You can also try creating a new `spiketutorial` conda environment using conda as indicated [here](https://github.com/SpikeInterface/spiketutorials/blob/master/NWB_Developer_Breakout_Session_Sep2020/SpikeInterface_Tutorial.ipynb)

In addition, you need to install [Phy](https://github.com/cortex-lab/phy) for the manual curation step.

`pip install phy --pre --upgrade`

In [None]:
# Install packages mentioned above

!pip install spikeinterface
!pip install ml_ms4alg
!pip install phy --pre --upgrade

In [1]:
# Importing the modules

import spikeinterface
import spikeinterface.extractors as se 
import spikeinterface.toolkit as st
import spikeinterface.sorters as ss
import spikeinterface.comparison as sc
import spikeinterface.widgets as sw
import matplotlib.pylab as plt
import numpy as np
%matplotlib notebook

### Loading Recording Information

- imports spikeextractors pacakge designed to load and save recorded and sorted data and handle probe information

In [2]:
se.recording_extractor_full_list

[spikeextractors.extractors.mdaextractors.mdaextractors.MdaRecordingExtractor,
 spikeextractors.extractors.mearecextractors.mearecextractors.MEArecRecordingExtractor,
 spikeextractors.extractors.biocamrecordingextractor.biocamrecordingextractor.BiocamRecordingExtractor,
 spikeextractors.extractors.exdirextractors.exdirextractors.ExdirRecordingExtractor,
 spikeextractors.extractors.openephysextractors.openephysextractors.OpenEphysRecordingExtractor,
 spikeextractors.extractors.intanrecordingextractor.intanrecordingextractor.IntanRecordingExtractor,
 spikeextractors.extractors.bindatrecordingextractor.bindatrecordingextractor.BinDatRecordingExtractor,
 spikeextractors.extractors.klustaextractors.klustaextractors.KlustaRecordingExtractor,
 spikeextractors.extractors.kilosortextractors.kilosortextractors.KiloSortRecordingExtractor,
 spikeextractors.extractors.spykingcircusextractors.spykingcircusextractors.SpykingCircusRecordingExtractor,
 spikeextractors.extractors.spikeglxrecordingextrac

In [None]:
# Load a recording object using the right format recordingextractor specifying file path
# So far used se.NumpyRecordingExtractor specifying timeseries, geometry and sampling frequency

recording = se.MdaRecordingExtractor(folder_path='folder_path')
# recording = se.NumpyRecordingExtractor(timeseries=ts, geom=geom, sampling_frequency=sampling_frequency)

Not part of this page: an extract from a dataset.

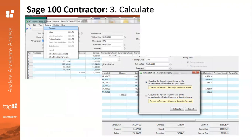Then you'll hit Calculate. By going back up to that Options menu bar and clicking on Calculate, a new window will open up and you'll have two options. Choose one of those options and hit Calculate.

If mat file, open with either h5py.File('folder_path', 'r') or scipy.io.loadmat('folder_path') to get timesries and channel number data as shown in example below which loads 'acc_1_04072016_kurosawacoppola_pre.mat' recording file

In [None]:
f = h5py.File('../eisi_raw_mat_files/acc_1_04072016_kurosawacoppola_pre.mat', 'r') 
# if above doesn't work due to version of saved mat file, try f = scipy.io('../eisi_raw_mat_files/acc_1_04072016_kurosawacoppola_pre.mat')  
num_channels = f['mat'].shape[0]
ts = np.array(f['mat'])
f.close()

sampling_frequency = 40000  # in Hz
geom = np.zeros((num_channels, 2)) # Geom files using 0 value coordinates for channel, input relative coordinates if known
geom[:, 0] = range(num_channels)
recording = se.NumpyRecordingExtractor(timeseries=ts, geom=geom, sampling_frequency=sampling_frequency)


For this tutorial, we can load an exmaple toy dataset and show how we can use spikeinterface

In [3]:
recording, sorting = se.example_datasets.toy_example(num_channels=4, duration=10, seed=0)

In [4]:
channel_ids = recording.get_channel_ids()
fs = recording.get_sampling_frequency()
num_chan = recording.get_num_channels()
num_frames = recording.get_num_frames()

print(f'Channel ids: {channel_ids}')
print(f'Sampling frequency: {fs}')
print(f'Number of channels: {num_chan}')
print(f'Number of frames: {num_frames}')

Channel ids: [0, 1, 2, 3]
Sampling frequency: 30000.0
Number of channels: 4
Number of frames: 300000


We can plot the timeseries for the recording specifying the start and end time

- Start and end time in seconds (number of frames/ sampling frequency)

In [5]:
w_ts = sw.plot_timeseries(recording)

<IPython.core.display.Javascript object>

## Preprocessing recordings

We can filter the recordings, rereference the signals to remove noise, discard noisy channels, whiten the data, remove stimulation artifacts, etc. (more info [here](https://spiketoolkit.readthedocs.io/en/latest/preprocessing_example.html)).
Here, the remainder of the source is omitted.